The accuracy of our power and energy estimation at the assembly level has already been investigated [30]. For each of the five processors in our library of models, the power estimation was performed on a set of various algorithms—FIR filter, LMS filter, discrete wavelet transform (DWT) with different image sizes, fast Fourier transform (FFT) 1024 points, enhanced full-rate (EFR) Vocoder for GSM, and MPEG-1 decoder. The power consumption was also measured for all these algorithms and processors. The relative errors between measures and estimations are reported Table 3.
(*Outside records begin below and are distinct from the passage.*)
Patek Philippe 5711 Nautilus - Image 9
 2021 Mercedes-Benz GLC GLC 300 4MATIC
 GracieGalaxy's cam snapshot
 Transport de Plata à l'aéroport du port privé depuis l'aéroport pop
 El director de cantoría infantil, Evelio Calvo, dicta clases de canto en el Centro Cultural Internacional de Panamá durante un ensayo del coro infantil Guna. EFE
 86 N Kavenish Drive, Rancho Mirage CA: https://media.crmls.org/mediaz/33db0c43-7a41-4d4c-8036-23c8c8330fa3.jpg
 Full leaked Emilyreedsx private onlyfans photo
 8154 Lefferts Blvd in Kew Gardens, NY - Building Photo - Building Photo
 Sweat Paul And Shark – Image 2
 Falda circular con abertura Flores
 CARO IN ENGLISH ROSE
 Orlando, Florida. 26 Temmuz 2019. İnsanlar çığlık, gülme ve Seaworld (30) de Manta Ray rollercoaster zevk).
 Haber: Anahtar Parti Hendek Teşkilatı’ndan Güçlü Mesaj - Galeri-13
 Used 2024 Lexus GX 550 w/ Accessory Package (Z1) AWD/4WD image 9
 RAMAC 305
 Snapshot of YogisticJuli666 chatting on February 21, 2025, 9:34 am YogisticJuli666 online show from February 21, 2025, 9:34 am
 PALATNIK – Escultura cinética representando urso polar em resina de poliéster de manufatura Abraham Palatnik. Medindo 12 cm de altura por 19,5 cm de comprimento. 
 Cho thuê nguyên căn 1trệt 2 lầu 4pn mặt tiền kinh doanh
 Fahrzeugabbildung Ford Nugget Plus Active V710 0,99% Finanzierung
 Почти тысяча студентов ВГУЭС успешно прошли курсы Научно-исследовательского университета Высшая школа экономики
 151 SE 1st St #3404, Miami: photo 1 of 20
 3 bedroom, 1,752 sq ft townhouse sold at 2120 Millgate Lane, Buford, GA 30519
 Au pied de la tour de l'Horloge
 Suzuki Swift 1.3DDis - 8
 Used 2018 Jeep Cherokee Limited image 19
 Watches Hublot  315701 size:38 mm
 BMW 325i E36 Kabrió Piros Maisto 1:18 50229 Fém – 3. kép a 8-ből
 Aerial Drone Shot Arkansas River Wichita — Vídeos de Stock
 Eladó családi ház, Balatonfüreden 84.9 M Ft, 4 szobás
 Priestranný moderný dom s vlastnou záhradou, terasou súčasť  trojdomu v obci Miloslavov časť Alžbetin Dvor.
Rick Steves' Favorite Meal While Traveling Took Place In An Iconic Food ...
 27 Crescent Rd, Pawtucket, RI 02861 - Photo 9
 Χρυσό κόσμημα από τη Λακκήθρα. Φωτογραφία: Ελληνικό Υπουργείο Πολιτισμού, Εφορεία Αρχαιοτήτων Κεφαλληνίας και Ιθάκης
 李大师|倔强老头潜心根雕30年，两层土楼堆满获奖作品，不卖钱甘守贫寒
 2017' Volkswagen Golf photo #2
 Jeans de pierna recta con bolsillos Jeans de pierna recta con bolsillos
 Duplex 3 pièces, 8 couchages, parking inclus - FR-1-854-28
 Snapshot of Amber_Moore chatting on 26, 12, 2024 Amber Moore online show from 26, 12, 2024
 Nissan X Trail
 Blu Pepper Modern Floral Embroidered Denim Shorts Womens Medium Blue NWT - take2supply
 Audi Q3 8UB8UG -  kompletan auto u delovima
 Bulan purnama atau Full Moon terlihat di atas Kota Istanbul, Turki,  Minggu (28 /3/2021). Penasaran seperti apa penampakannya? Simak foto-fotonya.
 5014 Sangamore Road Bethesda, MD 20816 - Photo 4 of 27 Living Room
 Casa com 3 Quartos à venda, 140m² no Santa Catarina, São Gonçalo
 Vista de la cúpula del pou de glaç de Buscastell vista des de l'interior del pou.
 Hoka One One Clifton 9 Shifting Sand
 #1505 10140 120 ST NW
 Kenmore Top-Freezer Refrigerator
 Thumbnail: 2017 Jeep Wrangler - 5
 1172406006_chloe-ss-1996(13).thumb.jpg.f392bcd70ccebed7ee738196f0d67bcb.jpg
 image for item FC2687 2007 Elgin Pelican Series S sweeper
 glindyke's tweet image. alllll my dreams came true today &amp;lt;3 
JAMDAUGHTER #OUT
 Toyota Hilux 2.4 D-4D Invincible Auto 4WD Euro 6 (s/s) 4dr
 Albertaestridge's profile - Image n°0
Our aim in this section is to demonstrate the precision of power estimation at the C-level. We first perform some comparisons with the values for  $\alpha$ ,  $\beta$ , and *PSR* that were extracted

from the assembly code to obtain the former results at the assembly level, and the values that we can predict from the C program, according to our prediction models. In Table 4, the values of the power model parameters extracted from the assembly code, and from the C code assuming the DATA prediction model, are presented. We did not include the predictions for the other prediction models since they provide higher and lower bounds that are naturally farther from the extracted value. For these applications,  $\gamma = 0$  since the whole code is contained in the internal program memory, and  $\varepsilon = 0$ since the DMA is not used. The *PSR* measured value  $(PSR^m)$ , obtained with the help of the TI development tool, is used for estimation at the assembly level (but the calculated value could be used as well). The average error between the predicted (*PSR*) and the measured (*PSR<sup>m</sup>*) pipeline stall rates is 3.2%. It never exceeds 5.5% which indicates the PSR prediction accuracy.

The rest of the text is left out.